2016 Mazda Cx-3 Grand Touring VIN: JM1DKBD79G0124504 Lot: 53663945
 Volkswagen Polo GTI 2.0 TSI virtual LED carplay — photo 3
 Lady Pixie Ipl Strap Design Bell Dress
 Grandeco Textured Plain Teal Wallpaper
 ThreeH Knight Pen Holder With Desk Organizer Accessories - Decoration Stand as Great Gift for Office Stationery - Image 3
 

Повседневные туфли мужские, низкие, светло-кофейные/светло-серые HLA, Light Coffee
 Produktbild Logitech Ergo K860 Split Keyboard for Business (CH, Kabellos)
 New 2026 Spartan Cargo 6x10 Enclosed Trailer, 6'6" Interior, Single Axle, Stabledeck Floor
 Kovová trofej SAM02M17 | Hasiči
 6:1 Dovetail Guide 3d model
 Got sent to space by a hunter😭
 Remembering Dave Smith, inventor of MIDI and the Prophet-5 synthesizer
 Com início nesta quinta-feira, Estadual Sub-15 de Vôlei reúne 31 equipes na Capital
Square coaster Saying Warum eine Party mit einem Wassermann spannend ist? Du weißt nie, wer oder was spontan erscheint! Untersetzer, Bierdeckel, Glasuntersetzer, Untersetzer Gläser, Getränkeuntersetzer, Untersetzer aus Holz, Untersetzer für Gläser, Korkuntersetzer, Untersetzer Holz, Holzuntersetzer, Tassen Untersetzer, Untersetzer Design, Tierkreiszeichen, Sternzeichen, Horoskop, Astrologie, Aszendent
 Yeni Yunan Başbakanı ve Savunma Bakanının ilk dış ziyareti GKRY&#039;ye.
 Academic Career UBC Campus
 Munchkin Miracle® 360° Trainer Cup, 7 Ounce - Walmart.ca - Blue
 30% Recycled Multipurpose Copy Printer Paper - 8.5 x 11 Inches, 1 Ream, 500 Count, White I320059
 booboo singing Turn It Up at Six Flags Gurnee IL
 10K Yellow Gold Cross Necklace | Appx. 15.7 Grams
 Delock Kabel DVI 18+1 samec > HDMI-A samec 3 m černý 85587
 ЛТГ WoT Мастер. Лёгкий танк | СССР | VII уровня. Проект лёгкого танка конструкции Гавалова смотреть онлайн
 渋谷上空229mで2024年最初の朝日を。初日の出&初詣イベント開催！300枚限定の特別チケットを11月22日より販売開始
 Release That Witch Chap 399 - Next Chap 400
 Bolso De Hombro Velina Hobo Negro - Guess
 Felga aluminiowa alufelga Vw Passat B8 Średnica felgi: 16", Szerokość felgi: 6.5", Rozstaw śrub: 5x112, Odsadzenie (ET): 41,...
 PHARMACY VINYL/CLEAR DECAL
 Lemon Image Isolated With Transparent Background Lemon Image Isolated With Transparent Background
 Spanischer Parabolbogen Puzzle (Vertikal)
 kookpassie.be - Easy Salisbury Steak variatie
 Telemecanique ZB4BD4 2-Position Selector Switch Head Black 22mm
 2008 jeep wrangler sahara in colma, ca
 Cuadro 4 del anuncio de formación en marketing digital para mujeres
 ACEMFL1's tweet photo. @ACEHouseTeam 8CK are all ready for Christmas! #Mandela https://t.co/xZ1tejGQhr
● ● ● ● ● ● ●
- _Problem_: Starting with the line with "ЛТГ WoT Мастер." above and going on through the line with "PHARMACY VINYL/CLEAR DECAL", transcribe every line exactly, both ends included, and add nothing.

- _Written answer_:
 ЛТГ WoT Мастер. Лёгкий танк | СССР | VII уровня. Проект лёгкого танка конструкции Гавалова смотреть онлайн
 渋谷上空229mで2024年最初の朝日を。初日の出&初詣イベント開催！300枚限定の特別チケットを11月22日より販売開始
 Release That Witch Chap 399 - Next Chap 400
 Bolso De Hombro Velina Hobo Negro - Guess
 Felga aluminiowa alufelga Vw Passat B8 Średnica felgi: 16", Szerokość felgi: 6.5", Rozstaw śrub: 5x112, Odsadzenie (ET): 41,...
 PHARMACY VINYL/CLEAR DECAL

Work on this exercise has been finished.